Ousted worker says no to USDA job

WASHINGTON

Shirley Sherrod, ousted from the Agriculture Department during a racial firestorm that embarrassed the Obama administration, rejected an offer to return to the USDA on Tuesday. But at a cordial news conference with the man who asked her to leave — Agriculture Secretary Tom Vilsack — she said she may do consulting work for him on racial issues.

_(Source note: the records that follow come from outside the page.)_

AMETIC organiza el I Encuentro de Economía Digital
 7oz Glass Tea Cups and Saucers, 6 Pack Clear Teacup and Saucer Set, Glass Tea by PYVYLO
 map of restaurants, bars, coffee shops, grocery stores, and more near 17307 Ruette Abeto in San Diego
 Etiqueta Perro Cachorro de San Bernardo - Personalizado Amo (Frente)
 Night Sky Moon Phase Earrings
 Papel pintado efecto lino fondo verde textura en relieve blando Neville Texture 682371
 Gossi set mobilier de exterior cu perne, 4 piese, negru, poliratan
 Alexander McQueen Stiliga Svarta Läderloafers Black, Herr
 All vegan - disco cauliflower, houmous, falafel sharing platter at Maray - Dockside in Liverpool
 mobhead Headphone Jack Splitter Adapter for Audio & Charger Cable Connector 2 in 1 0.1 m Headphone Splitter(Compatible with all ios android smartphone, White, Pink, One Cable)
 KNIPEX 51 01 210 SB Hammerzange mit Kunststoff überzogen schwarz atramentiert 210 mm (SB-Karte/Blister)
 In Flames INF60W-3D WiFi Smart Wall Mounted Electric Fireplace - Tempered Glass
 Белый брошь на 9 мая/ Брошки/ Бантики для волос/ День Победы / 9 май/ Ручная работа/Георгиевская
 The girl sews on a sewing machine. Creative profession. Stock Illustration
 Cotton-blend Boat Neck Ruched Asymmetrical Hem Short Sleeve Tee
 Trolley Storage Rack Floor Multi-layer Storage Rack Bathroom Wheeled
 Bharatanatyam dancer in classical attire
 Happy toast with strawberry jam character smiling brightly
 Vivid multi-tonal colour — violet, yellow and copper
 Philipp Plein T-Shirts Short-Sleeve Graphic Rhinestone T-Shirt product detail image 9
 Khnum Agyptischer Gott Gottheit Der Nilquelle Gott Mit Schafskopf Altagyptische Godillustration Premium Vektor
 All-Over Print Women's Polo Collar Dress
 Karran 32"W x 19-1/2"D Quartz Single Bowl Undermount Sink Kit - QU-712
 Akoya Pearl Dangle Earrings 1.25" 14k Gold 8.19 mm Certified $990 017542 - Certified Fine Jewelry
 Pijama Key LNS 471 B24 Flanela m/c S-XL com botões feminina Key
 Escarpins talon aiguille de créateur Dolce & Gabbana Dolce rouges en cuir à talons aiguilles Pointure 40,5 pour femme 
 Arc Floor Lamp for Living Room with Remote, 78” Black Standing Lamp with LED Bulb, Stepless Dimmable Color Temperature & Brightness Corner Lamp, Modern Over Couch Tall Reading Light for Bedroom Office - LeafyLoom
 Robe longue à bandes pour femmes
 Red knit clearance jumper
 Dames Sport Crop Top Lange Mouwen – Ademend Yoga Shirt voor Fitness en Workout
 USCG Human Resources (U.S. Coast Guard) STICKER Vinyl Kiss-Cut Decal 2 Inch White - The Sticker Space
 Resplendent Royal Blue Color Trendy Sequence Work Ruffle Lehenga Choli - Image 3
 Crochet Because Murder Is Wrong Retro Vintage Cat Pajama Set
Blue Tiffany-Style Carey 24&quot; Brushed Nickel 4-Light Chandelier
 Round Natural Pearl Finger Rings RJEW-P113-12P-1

She was asked to leave her job as Georgia’s director of rural development in July after comments she made in March were misconstrued as racist. She has since received numerous apologies from the administration, including from President Barack Obama himself, and Vilsack asked her to return. But she said at the news conference with a clearly disappointed Vilsack that she did not think she could say yes to a job “at this point, with all that has happened.”

Militants kill 32

MOGADISHU, Somalia

Islamist militants wearing Somali military uniforms stormed a hotel favored by lawmakers in the war-battered capital Tuesday, firing indiscriminately and killing 32 people, including six parliamentarians.

A suicide bomber and one of the gunmen also were killed in the brazen attack just a half-mile from the presidential palace. The attack showed the insurgent group al-Shabab, which controls wide areas of Somalia, can penetrate even the few blocks of the capital under the control of the government and African Union troops.

States to Craigslist: End adult section

HARTFORD, Conn.

Craigslist should remove its adult-services section because the website cannot adequately block potentially illegal ads promoting prostitution and child trafficking, attorneys general in 17 states demanded Tuesday in a joint letter.

The joint letter acknowledged Craigslist faces the prospect of losing revenue if it were to remove the adult-services section.

The 17 states whose attorneys general signed the letter are: Arkansas, Connecticut, Idaho, Illinois, Iowa, Kansas, Maryland, Michigan, Missouri, Montana, New Hampshire, Ohio, Rhode Island, South Carolina, Tennessee, Texas and Virginia.

William Saxbe, Nixon AG, dies

COLUMBUS

William Saxbe, a Republican maverick who became the fourth attorney general to serve under President Richard M. Nixon and presided during the Watergate investigation, died Tuesday. He was 94.

Saxbe, who served in the Ohio Legislature and as state attorney general, died at his home in Mechanicsburg, northwest of Columbus, said his son, Charles “Rocky” Saxbe.

Jet misses runway in China; 43 die

BEIJING

A Chinese passenger jet broke apart as it approached a fog-shrouded runway in the country’s northeast and burst into flames as it hit the ground Tuesday, killing 43 people and injuring 53 others, state media said.

The Henan Airlines plane with 91 passengers and five crew crashed in a grassy area near the Lindu airport on the outskirts of Yichun, a city of about 1 million people in Heilongjiang province, the official Xinhua News Agency said.